**PROBLEM DESCRIPTION**
For this exercise, restate word for word only the lines from the one containing "Árvore de Natal" through the last line below. Pictures do not get copied.
DATASET EXCERPT: Begin
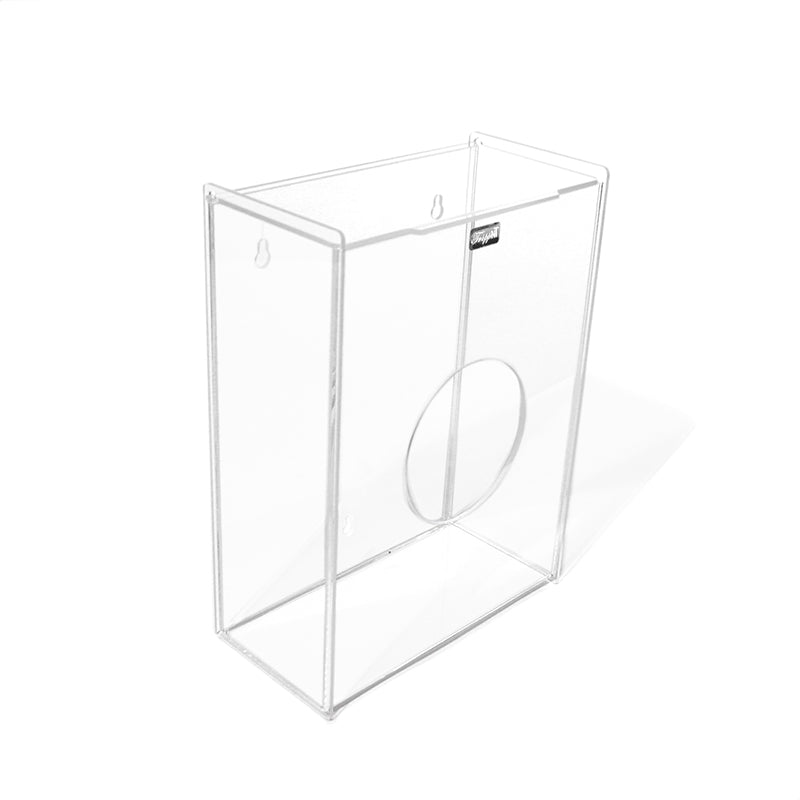 TrippNT 50043 Small Apparel Dispenser — primary hero view, clear acrylic wall-mount cleanroom PPE dispenser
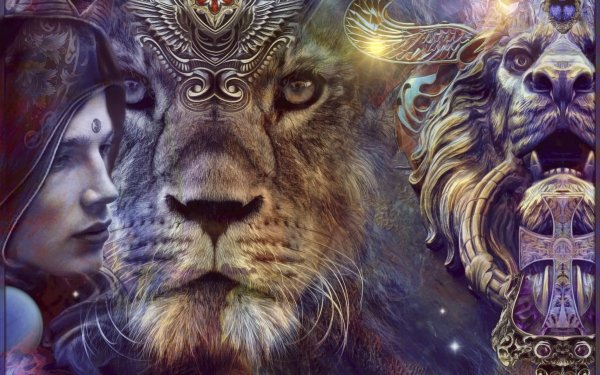 Artistic Collage Cross Lion HD Wallpaper | Background Image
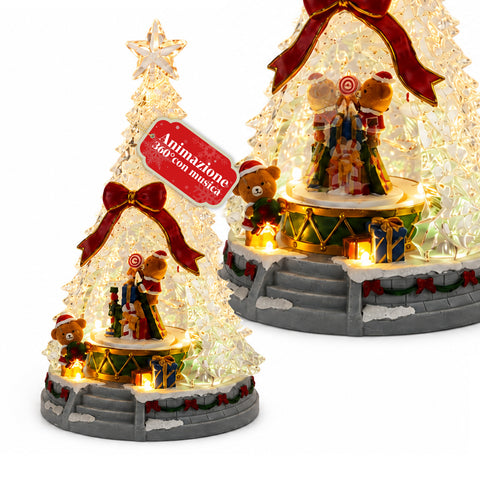 Árvore de Natal luminosa JoyTree com música e animação de 360°, luzes LED, cenário com ursinhos e quebra-nozes, alimentação dupla por USB, 32,5 cm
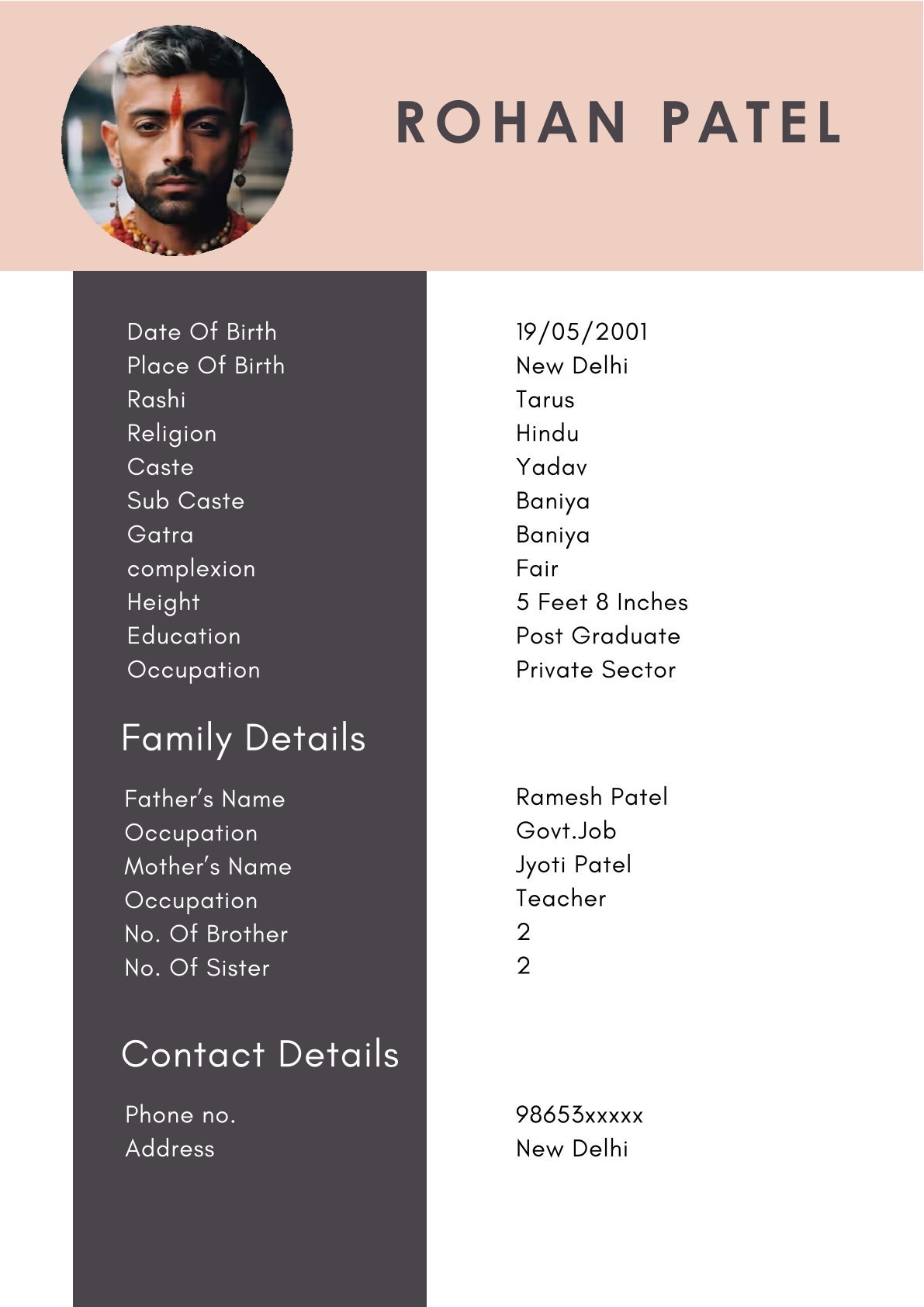 Latest Hindu Boy Marriage Biodata Format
DATASET EXCERPT: End
**ANSWER BOX**
 Árvore de Natal luminosa JoyTree com música e animação de 360°, luzes LED, cenário com ursinhos e quebra-nozes, alimentação dupla por USB, 32,5 cm
 Latest Hindu Boy Marriage Biodata Format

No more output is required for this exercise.